Czy tylko ja po zakończeniu pierwszej części miałam nadzieję na to, że zmierzą się ze sobą dwie równie ciekawe osobowości? Moim zdaniem w drugiej części Candace rozczarowuje - przez większość sezonu mierzy się z łatką "wariatki", zamiast napędzać fabułę. Finalnie jest osobą, która dokonuje pewnych zniszczeń (ujawnienie tożsamości Joego, zamknięcie go w klatce). Ale umówmy się - można było spodziewać się po jej postaci czegoś więcej.

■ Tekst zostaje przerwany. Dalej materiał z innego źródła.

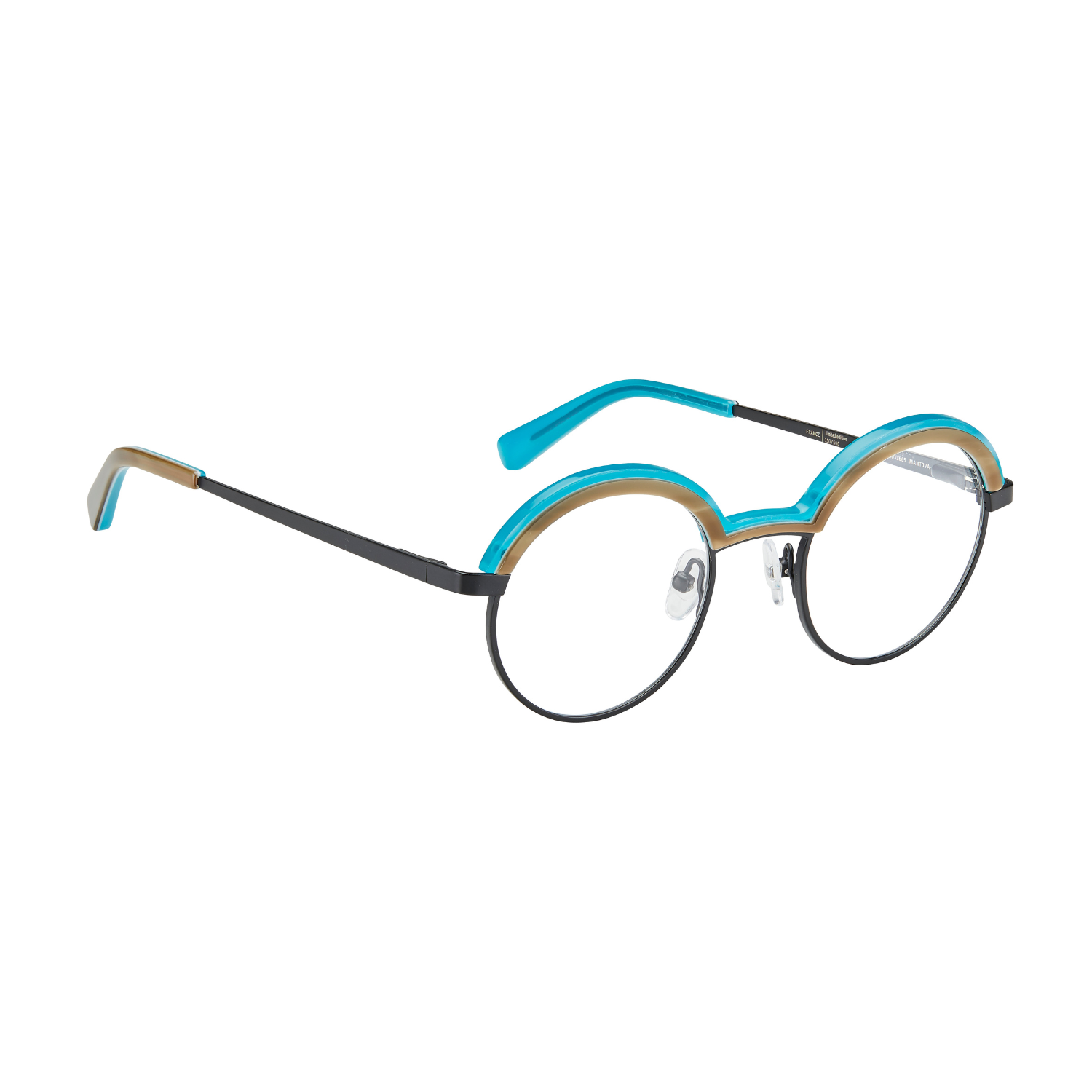 Tarian-Mantova-round-eyewear-black-shell-blue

była tak niesamowicie irytująca, że szczerze mówiąc tylko czekałam na to, aż ktoś ją wreszcie zabije XD
@ przywi I to jest właśnie ten zmarnowany potencjał, o którym mówię ;) Skoro w pierwszym sezonie serial i tak już daleko odleciał od jakiegokolwiek realizmu, to spodziewałam się raczej kogoś, kto zna wszystkie słabości Joego i wie, co zrobić, żeby zrealizować makiaweliczny plan wsadzenia go do więzienia za wszystko, co zrobił. Zamiast tego dostaliśmy plan pt. "ja tu postoję i poczekam, w końcu na pewno coś ci pójdzie nie tak" ;)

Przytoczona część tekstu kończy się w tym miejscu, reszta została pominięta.